Example (MP3): hybrid filter bank
Example (JPG): coefficient quantization
Relative coding: Assuming that natural data does not change a lot in small time intervals, encoding consecutive frames with relative numbers results in smaller numbers.
Approach: Combine multiple frames into macroframe. Only the first frame is encoded absolutely with more bits while the following ones are stored relatively.
Compressed sending: Assuming sparsity of natural signals.

The general idea is that senders send representative subsets of their data which are themselves additively homomorphic, then the receivers use fancy processing to recover the underlying audio from the sparse input (and a preprogrammed notion of what 'audio' usually looks like). So an example would be: downsampled PCM audio, irregularly sampled pcm audio, spectral band energies, or some (deterministic) random chunk of spectral lines potentially from multiple different window sizes. Basically any property that can be extracted from audio that is preserved for addition of the audio inputs. LPCNet is a speech codec which reconstructs the audio from a sparse representation using machine learning although the representation it uses is not additively homomorphic. I consider it an open question if you could get competitive compression performance from exclusively additively homomorphic features, it doesn't seem completely impossible to me, at least for a sufficiently relaxed definition of competitive.

@gmaxwell

Potential problems with a homomorphic MCU in general:

A malicious client could send a very loud signal such that no receiver won't understand any other signal any more.
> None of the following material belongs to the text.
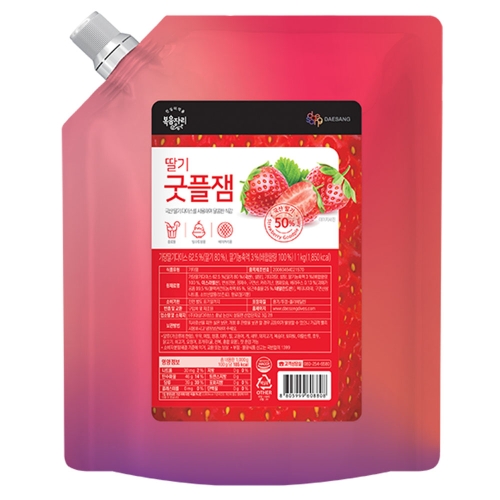 딸기 굿플잼 1kg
Since it is not clear who send this signal, this person can't be found easily in order to be kicked out or similar.
How can overflows be avoided?

As an alternative to a homomorphic MCU, @gmaxwell mentioned a distributed MCU. Concept:

You take the latencies of all participants between each other, and construct a minimum spanning tree with bounded degree (using kruskal alg). Each user will recieve a incoming audio feed from up to two other users, they'll decompress and mix them and theirs, and send the result up the tree. Once the final mix is generated, it's distributed back to everyone.

Bandwidth:

The result is 3x the bandwidth in (recieve two downstream feeds to be mixed, plus one upstream feed to be passed along) and 2x bandwidth out. So if 64kbps opus is acceptable quality, [the resulting bandwidth is only] 192kbps.

Problems:

It's main downside is latency (and maybe reliablity).

Also you could have clients playing silly games with the audio passing through them (like muting people they don't like).

Greetings. As we discussed in the opus IRC channel, although opus uses MDCT inside it, it is very much not additively homomorphic. I am extremely doubtful that any traditional codec could get good compression while being additively homomorphic.

In IRC I suggested an alternative to a homomorpic MCU, which is creating a distributed MCU. But as we discussed that has latency and reliability downsides.

I wanted to elaborate on one compression idea that might work, and another different alternative to compression which I only thought of after you left.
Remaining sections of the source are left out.